A consent judgment is a contract between the parties entered
upon the records of a court of competent jurisdiction with its
sanction and approval. See Milner v. Littlejohn, 126 N.C. App.
184, 187, 484 S.E.2d 453, 455, review denied, 347 N.C. 268, 493
S.E.2d 458 (1997). The power of a court to sign a consent
judgment depends upon the unqualified consent of the partiesthereto[.] Ledford v. Ledford, 229 N.C. 373, 376, 49 S.E.2d 794,
796 (1948). A duly agreed to and entered consent order in a
judicial proceeding is a final determination of the rights
adjudicated therein and generally is a waiver of a consenting
party's right to challenge the adjudication by appealing
therefrom.

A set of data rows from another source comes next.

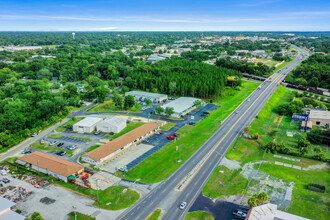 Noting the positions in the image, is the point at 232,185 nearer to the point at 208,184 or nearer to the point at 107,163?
the point at 208,184

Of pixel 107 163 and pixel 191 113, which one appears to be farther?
pixel 191 113

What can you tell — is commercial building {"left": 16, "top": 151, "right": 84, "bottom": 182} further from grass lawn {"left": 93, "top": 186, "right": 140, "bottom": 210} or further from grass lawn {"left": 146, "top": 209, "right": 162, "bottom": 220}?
grass lawn {"left": 146, "top": 209, "right": 162, "bottom": 220}

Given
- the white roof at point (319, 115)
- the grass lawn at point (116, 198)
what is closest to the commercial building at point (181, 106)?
the white roof at point (319, 115)

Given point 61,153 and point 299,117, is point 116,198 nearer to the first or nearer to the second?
point 61,153

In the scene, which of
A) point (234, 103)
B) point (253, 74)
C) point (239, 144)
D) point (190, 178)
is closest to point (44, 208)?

In the Matter of Williams, 88 N.C. App. 395, 396, 363
S.E.2d 380, 381 (1988). A judgment is entered when it is
reduced to writing, signed by the judge, and filed with the clerk
of court. N.C.R. Civ. P. 58. By joining in a consent order, a
party waives his right to appeal from the judgment and leaves the
case with no unresolved issue to appeal. See Williams.
In this case, the parties informed the trial court of their
intent to enter into a consent judgment on 12 April 1999, and the
trial court entered an order stating the terms of the consent
judgment on 12 July 1999. There is no evidence in the record
regarding whether the parties consented to the terms of the consent
judgment at the time of its entry. Nevertheless, Mr. Dobson has
not presented any evidence that he had withdrawn his consent before
the entry. Accordingly, because the record shows the parties
informed the trial court of their intent to enter into a consent
judgment and there is no evidence in the record to show consent was
not present at the time of its entry, the parties are bound by the
terms of the consent judgment.
In sum, by agreeing to the consent judgment, Mr. Dobson waived
his right to appeal the outcome of the case.
Appeal dismissed. Judges GREENE and FULLER concur.